What Is Payment Processing?

To accept credit cards, a business must sign up for a merchant account, have a card reader and an internet connection. Credit card processing happens when a customer swipes, taps or dips a credit card or debit card or uses a digital payment method, such as Apple Pay with their phone. Data transfers from the card reader to a card network that communicates between the acquiring bank and the issuing bank. The end of the process results in either an approved or declined transaction.

There are some big benefits to accepting credit and debit cards, rather than cash. Card payments are convenient—there’s no need to withdraw cash to pay for goods, and consumers can use cards to pay for items online. Average transaction totals go up, too—the average card payment is $112, while cash transactions are $22.

Despite the benefits of accepting and using cards for payment, there are some downsides. Businesses must pay fees to companies that process the payments. Chargebacks could be an issue for some businesses if they happen too frequently. Consumers are concerned about credit card fraud.
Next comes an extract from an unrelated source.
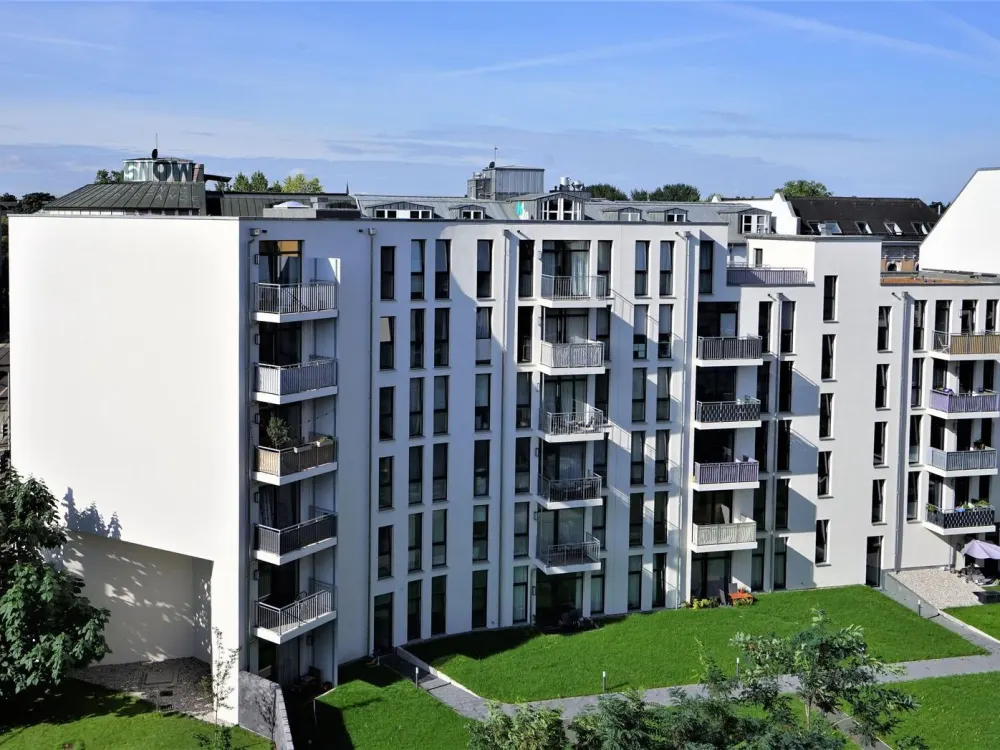 Helle 4-Raum-Wohnung mit Terrasse im Zentrum-West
There are some security measures in place by payment processors and merchants, so consumers feel safe using their cards at a store or online. The Payment Card Industry (PCI) issued a set of standards that all businesses must follow to maintain compliance or face hefty fines. So, why would 33% of businesses recently surveyed feel credit card fraud is a big issue for their business but more than 80% of respondents say they feel their payment processors are secure?

 

What Is POS?

A POS is the modern version of a cash register—the software and hardware make it possible for you to accept card payments. For most businesses, a POS system is vital to run day-to-day operations. This is how you’ll take credit and debit card payments, contactless payments and gift cards. Typically, you can also add a cash drawer to your system for cash payments.
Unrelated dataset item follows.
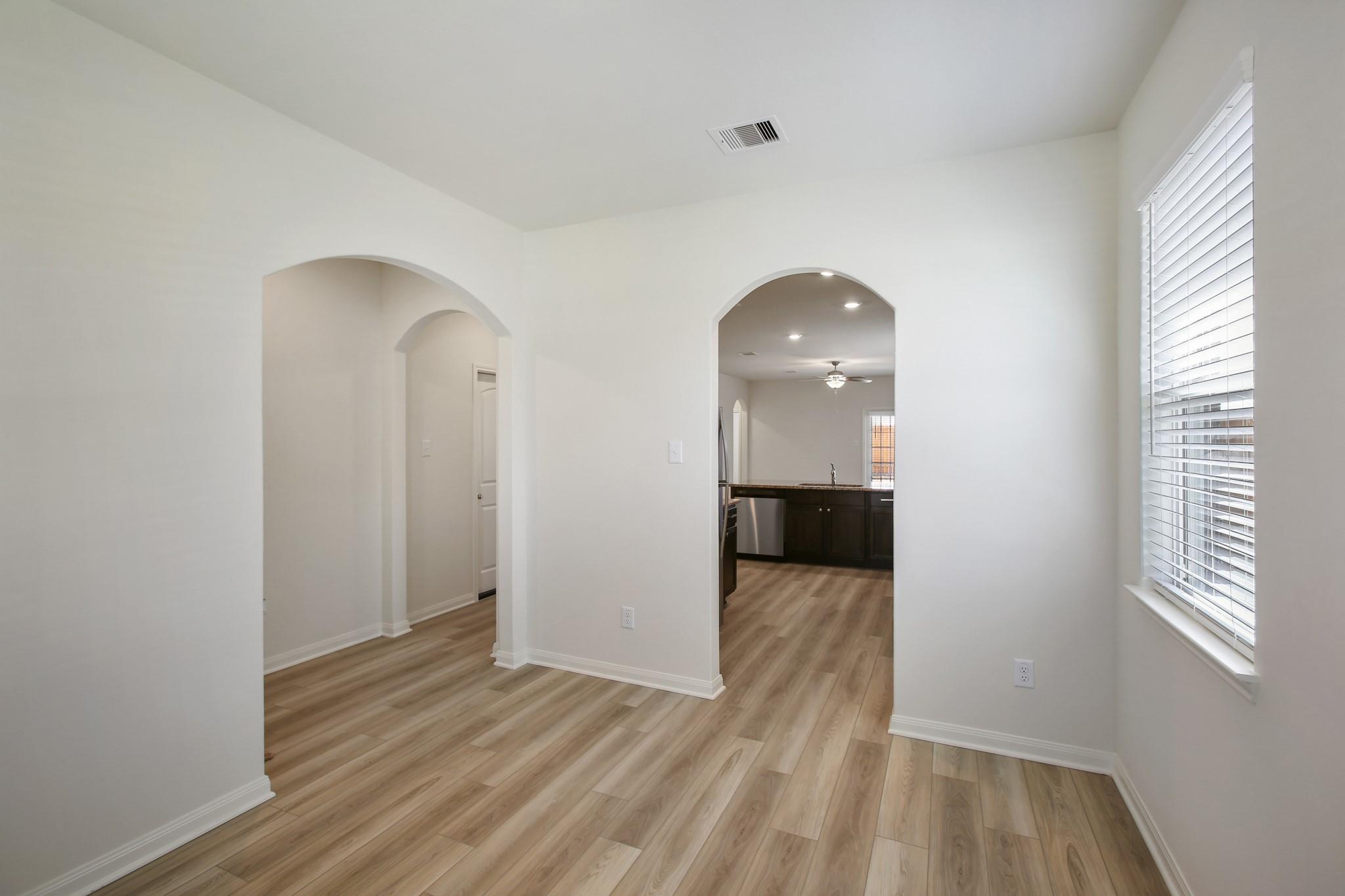 10806 Anthonomus Way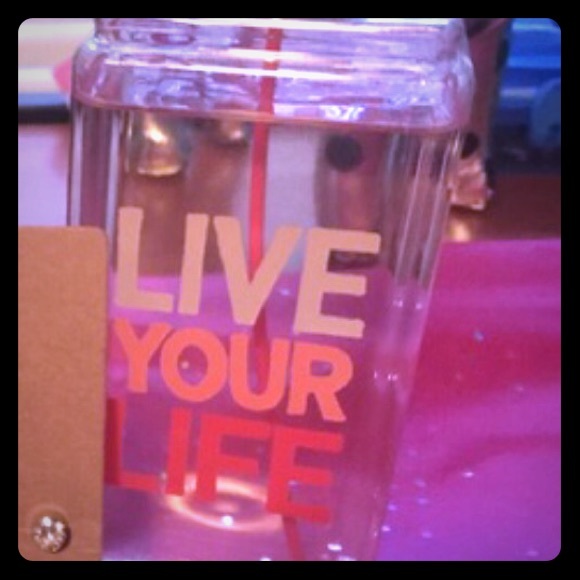 American Eagle "Live Your Life" body spray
Most POS systems include business management tools that are helpful for retailers, e-commerce businesses and restaurants. Some features you’ll see in POS systems are inventory and vendor management, loyalty programs and light customer relationship management (CRM) software.

 

Payment Processing Is a Crowded Market But Square Reigns Supreme

Perhaps one of the reasons small business owners feel their payment processor is safe is because a majority of them use Square, a well-known processor that updates its tech frequently. Square offers hardware that allows customers to swipe (traditional credit card payment method), dip (for chip cards) or tap (contactless payments).
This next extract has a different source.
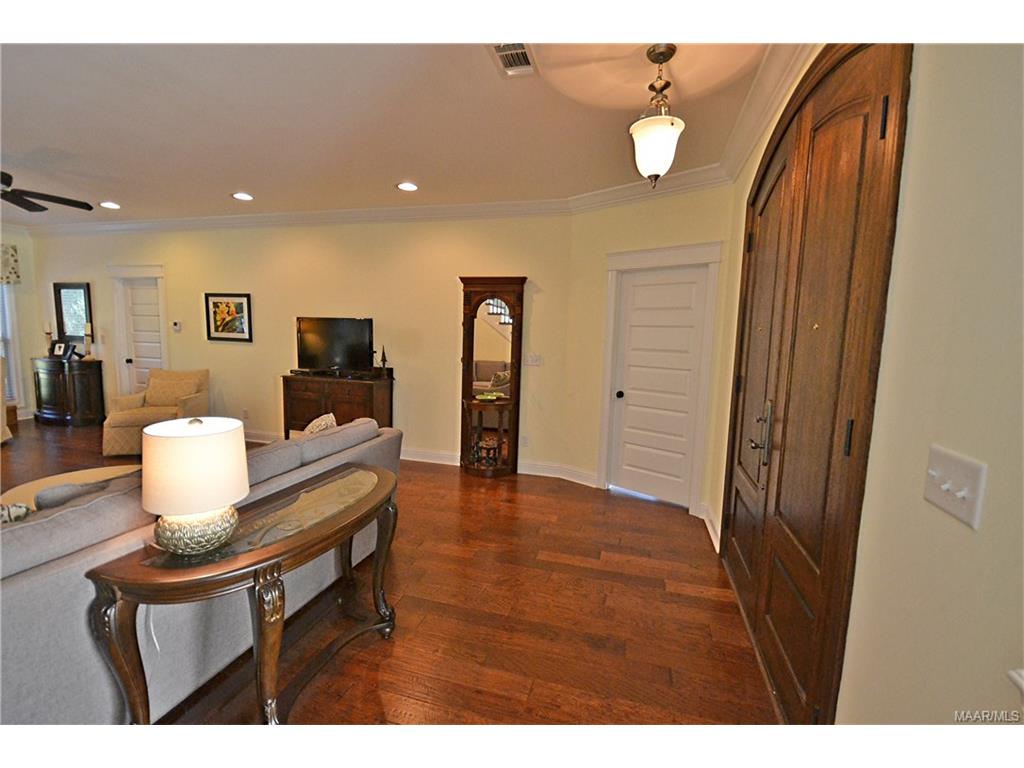 105 Jackson Lane, Wetumpka, AL 36093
Nearly 50% of those surveyed said they use Square to process payments. When you look at the reasons respondents like their payment processor, the two most common answers were ease of use and low processing fees—two descriptions often used for Square. Square can turn your mobile device into a payment processor with a small card reader, or you can purchase Square’s hardware for a countertop point-of-sale (POS) solution. Its hardware and processing fees are affordable, especially for new and small businesses.

More Than a Quarter of Businesses Have Been Hit by Credit Card Fraud

To say credit and debit card payments are popular would be an understatement. In fact, 85% of people preferred to use card payments in 2021—that’s 4% higher than in 2020. It should come as no surprise then that 100% of the small business owner and manager respondents in our survey accept credit and debit cards. One of the biggest issues facing both businesses and consumers is credit card fraud.

According to security.org, nearly 50% of American adults have been victims of credit or debit card fraud—and more than 30% have had it happen to them numerous times. The total of all these fraudulent charges could’ve come to about $8 billion. Many of those charges are stopped by consumers noticing unauthorized use of their credit card, so they can dispute the charges before the transaction even goes through.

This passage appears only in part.